Home Birth Emergency- Mother and Birth Attendant Teamwork
I had a client that asked that we share on her birth experience together. She wanted to share her story, then have me share my perspective. The goal was to share on what home birth in an emergency looks like, while revealing that it often can be addressed in-home. Covering the teamwork between mother and attendant; how to ultimately pull through together as a team. Her idea was brilliant in my opinion!
First, you will read her story from her perspective, then mine as the attendant.
*Please note that the birth attendant is a legally documented Midwife, not a Doula.
The Mother’s Perspective:
Where to begin?! I felt for weeks the anticipation of my birth looming closer. I remember reaching out to my birth lady being like what happens if you are not here or I go early? I felt deep within I was going early. I was nervous. I was the classic text book high risk scenario. High BMI, large prior babies, past GD with second child. But I wasn’t about to let the medical field put me into their box. I was tired, severely tired of being told to take out my piercings, being judged on my tattoos like I was a degenerate. I felt I was rapped with my second daughter. The pain I felt when a doctor at Einstein East Norton PA hospital shoved her hand up me to “check my daughter” was worse then the worst contractions I experienced with her birth. She said if I didn’t let her check she wouldn’t let me VBAC and would send me straight to the OR for a cesarean. I was tired of the medical rape. I was tired of their ultimatums and being treated like a number. I was tired of being told if I didn’t shove needles in my kids straight after birth I was going to murder my child/ren. I was tired of their BULLSHIT. My experience at Grandview hospital in Sellersville PA with my first was worse in a lot of other ways. The trauma and broken trust of the medical field absolutely runs deep when it comes to to birth, pediatricians, doctors and about half the nursing staff I’ve encountered is on my shit list. Excuse my curses, my passion on the topic takes me back to my most vulnerable moments.

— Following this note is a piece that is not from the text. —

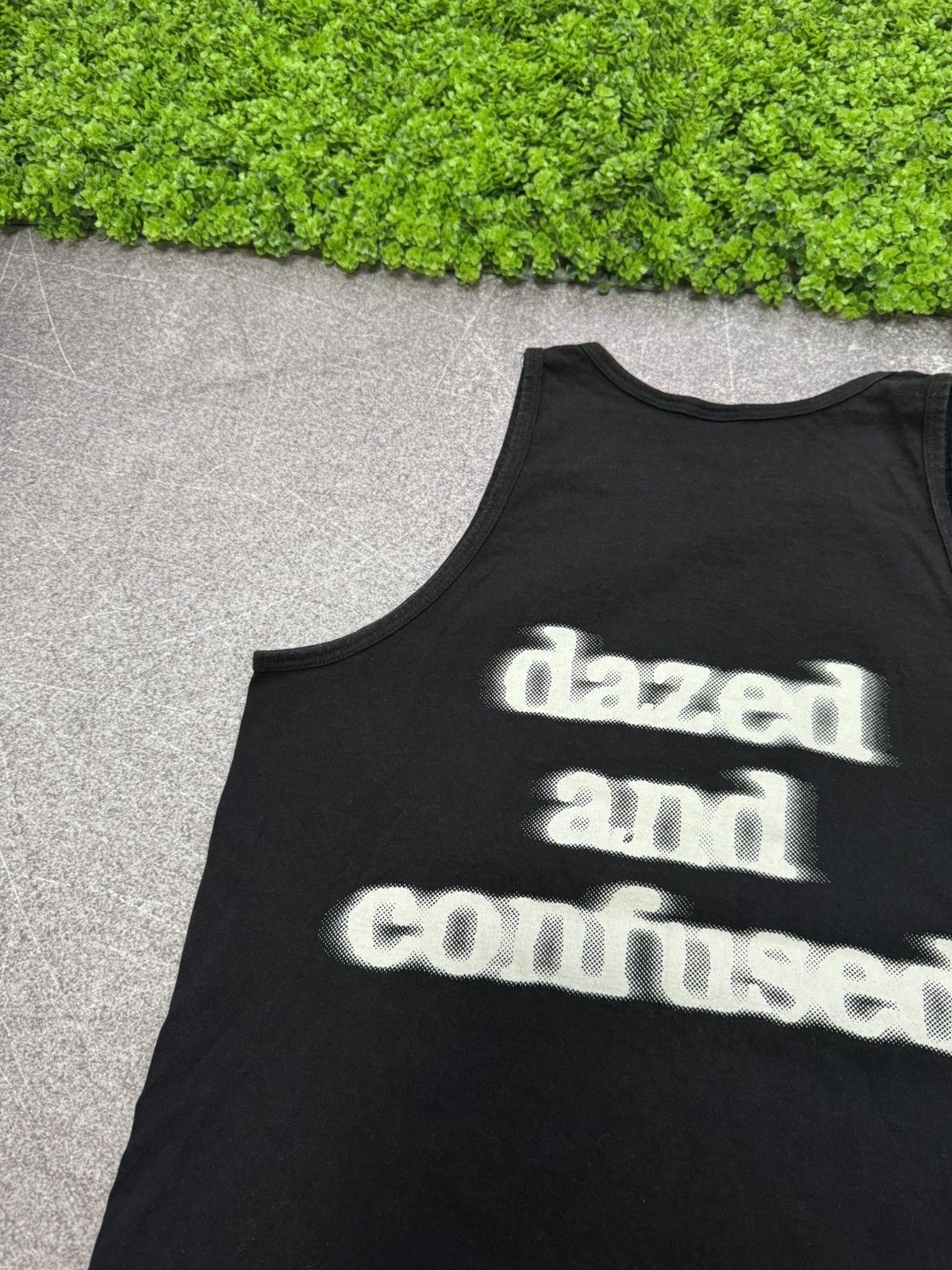 Vintage Vintage I Survived Montu Dased And Confused 90s Shirt Size US L / EU 52-54 / 3 - 16 Thumbnail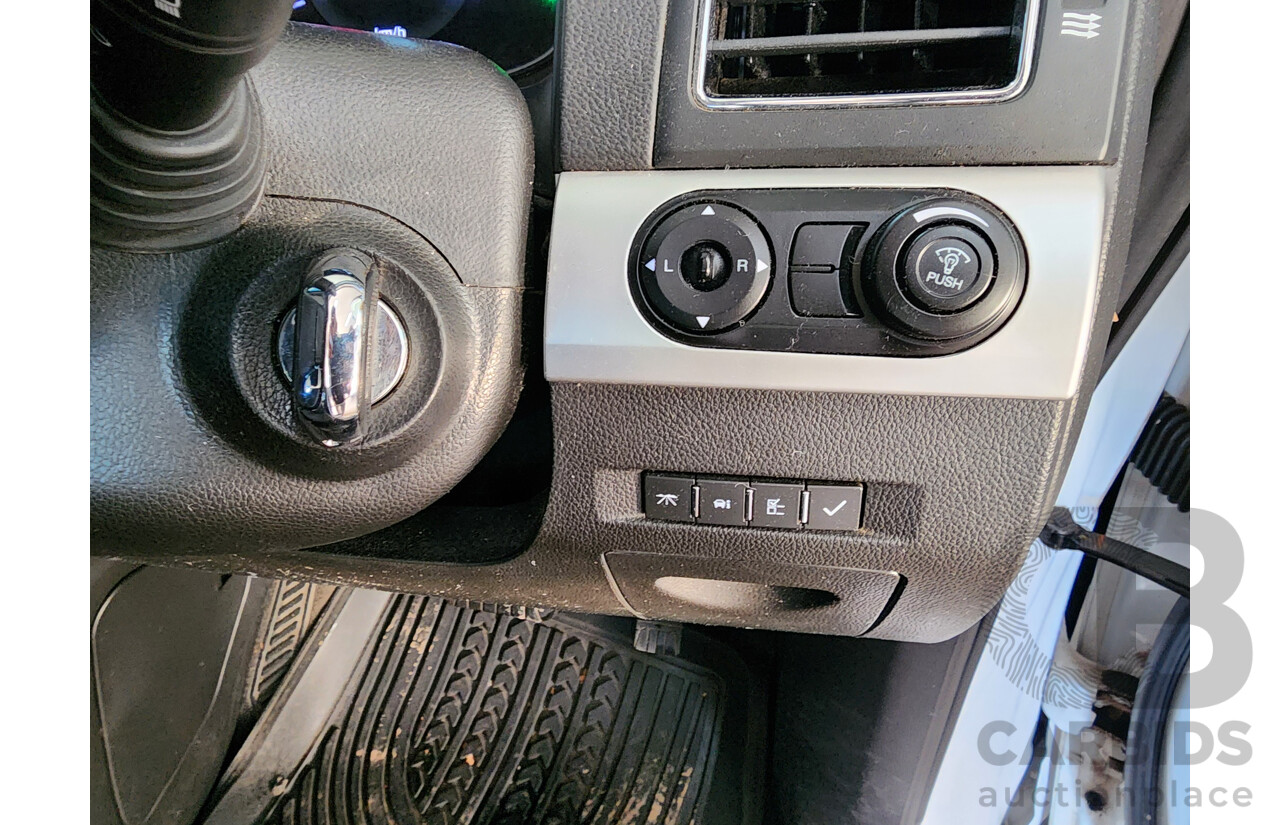 8/2016 Holden Captiva 5 (fwd) CG MY16 4d Wagon White 2.4L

Fast forward to pregnancy number 3. I was already like “Oh my God, I’m having another kid, I’m traumatized from the first 2, and Covid just started making news.” I was confused scared and panicked to find a provider outside of the medical field. Fast forward 18 weeks I started gushing blood. I was showing all the signs of a miscarriage. I went to the hospital that night but left because they wouldn’t let my partner in with me. ( Thanks bullshit Covid regulations that have helped no one. )The next morning I gushed more blood.. darker blood. Decided to go to a different hospital. They detected a heart beat! He was still there! Thank the lord . My attendant, Des and her partner Taylor were the ones to figure out it was caused by an infection due to a clogged milk duct. The prior week Des had encouraged me to get the infection under control or it would cause serious problems. I had gotten the infection to go away but the impact on the baby was already in effect. They figured out what the hospital couldn’t by reading my blood work results.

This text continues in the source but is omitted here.